Icarus Reversed
With 12,000 solar-cells attached to wings the size of a standard jet, and with a body as light as a car, the Swiss made HB-SIA solar plane has finally left the runway for it’s 24 hour flight to test its ability to fly in darkness.
Being the first of two vehicles of the Solar Impulse Project, led by pilot Andre Borschberg and Bertrand Piccard, who gained fame for making the first trans-global flight in a hot air balloon in 1999, the HB-SIA has already accomplished a full day flight back in early April. “For seven years now, the whole team has been passionately working to achieve this first decisive step of the project,” Borschberg said before taking off on the flight. He’ll bring the experimental plane on a climb to 27,900 feet before starting a slow descent, flying the plane with the stored solar energy until Thursday morning’s sunrise.

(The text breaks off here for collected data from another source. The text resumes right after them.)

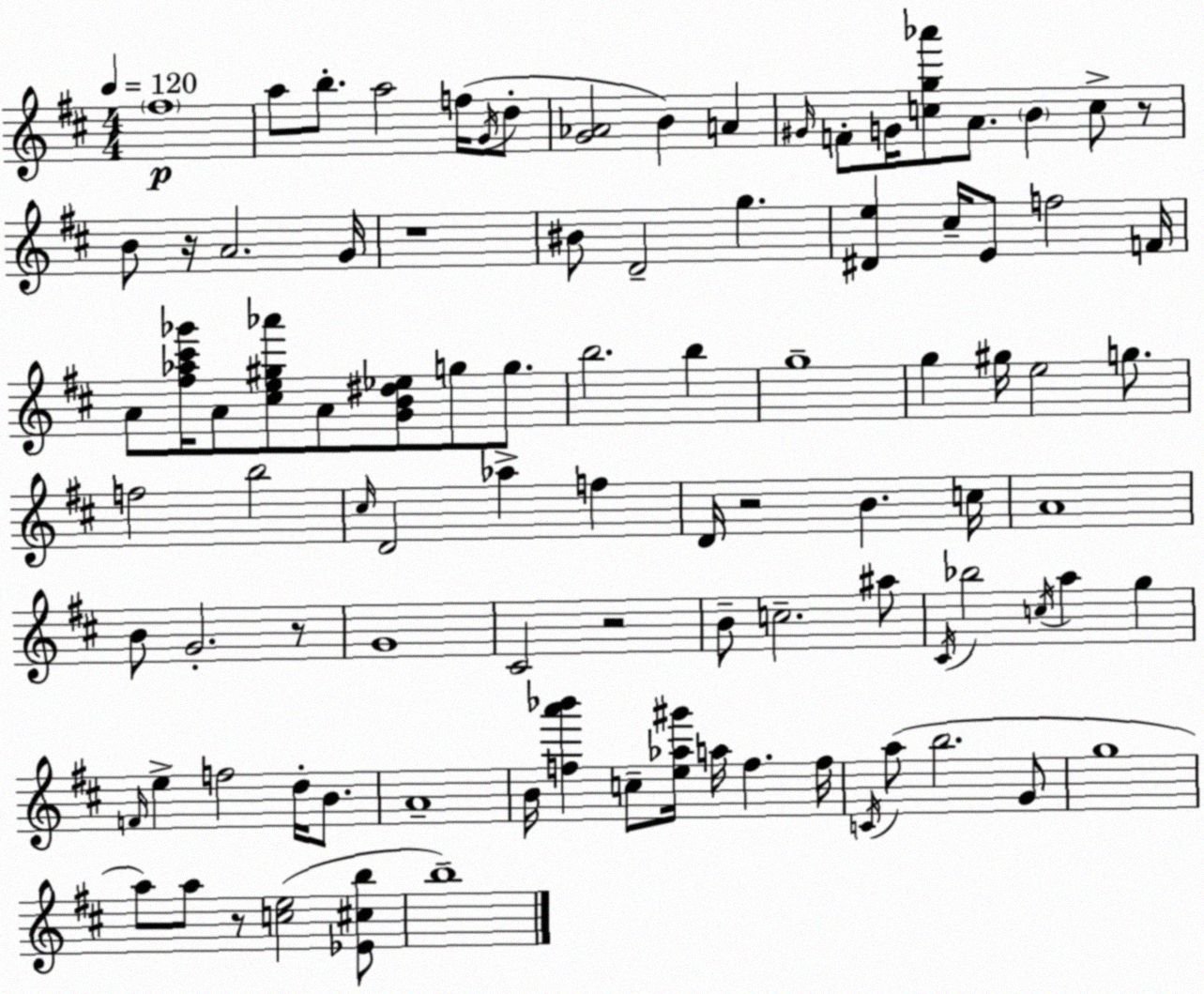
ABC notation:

X:1
T:Untitled
M:4/4
L:1/4
K:D
^f4 a/2 b/2 a2 f/4 G/4 d/2 [G_A]2 B A ^G/4 F/2 G/4 [cg_a']/2 A/2 B c/2 z/2 B/2 z/4 A2 G/4 z4 ^B/2 D2 g [^De] ^c/4 E/2 f2 F/4 A/2 [^f_a^c'_g']/4 A/2 [^ce^g_a']/2 A/2 [GB^d_e]/2 g/2 g/2 b2 b g4 g ^g/4 e2 g/2 f2 b2 ^c/4 D2 _a f D/4 z2 B c/4 A4 B/2 G2 z/2 G4 ^C2 z2 B/2 c2 ^a/2 ^C/4 _b2 c/4 a g F/4 e f2 d/4 B/2 A4 B/4 [fa'_b'] c/2 [e_a^g']/4 a/4 f f/4 C/4 a/2 b2 G/2 g4 a/2 a/2 z/2 [ce]2 [_E^cb]/2 b4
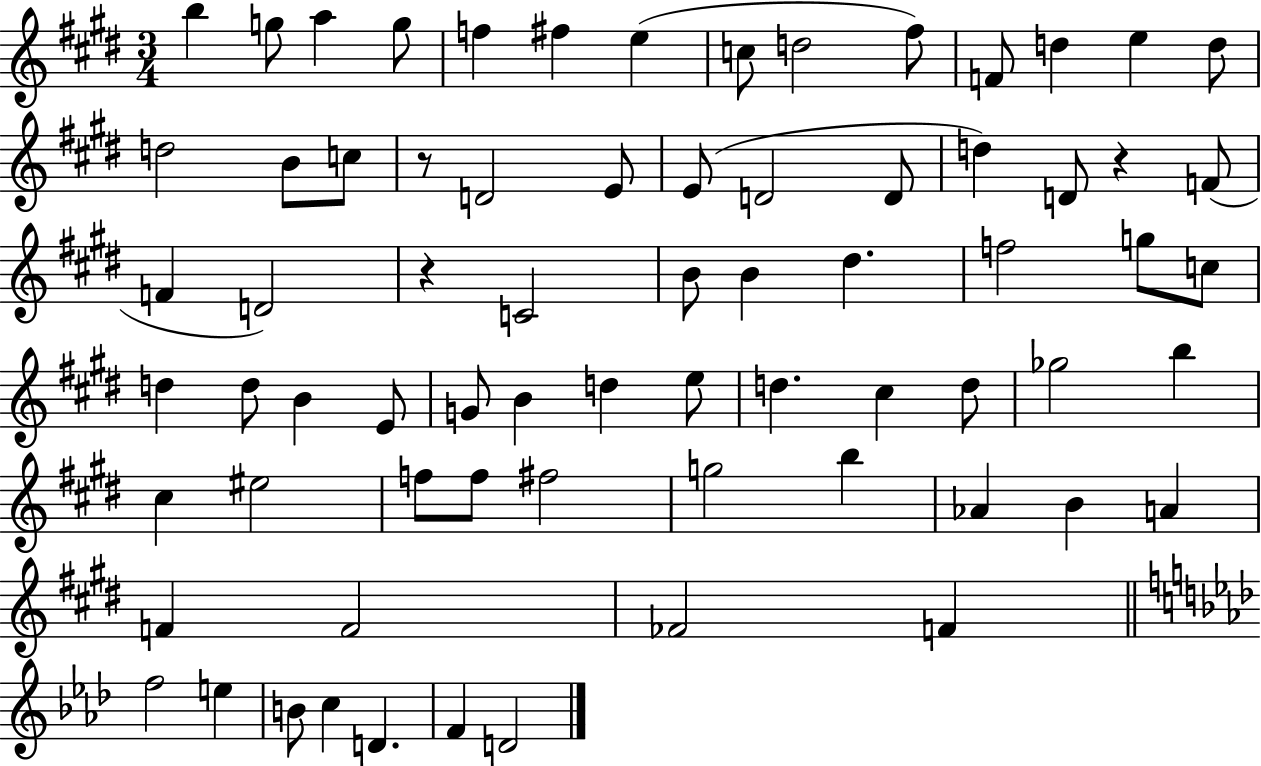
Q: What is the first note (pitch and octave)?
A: B5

“If this mission is successful, it will be the longest and highest flight ever made by a solar plane,” the SIP team said, eyeing the future HB-SIB – a larger version of the current prototype with upgraded avionics and a pressurized cabin. The HB-SIB will be used to make the first solar-powered manned-Trans-Atlantic flight in 2012, and with a Trans-Global flight pre-scheduled for 2013.
Though for now, they’ll settle for the excitement of a successful nighttime flight, as it will prove the practical benefits of solar power in the aviation industry, as well as acting as the “poster child” for the use of solar power in many other industries.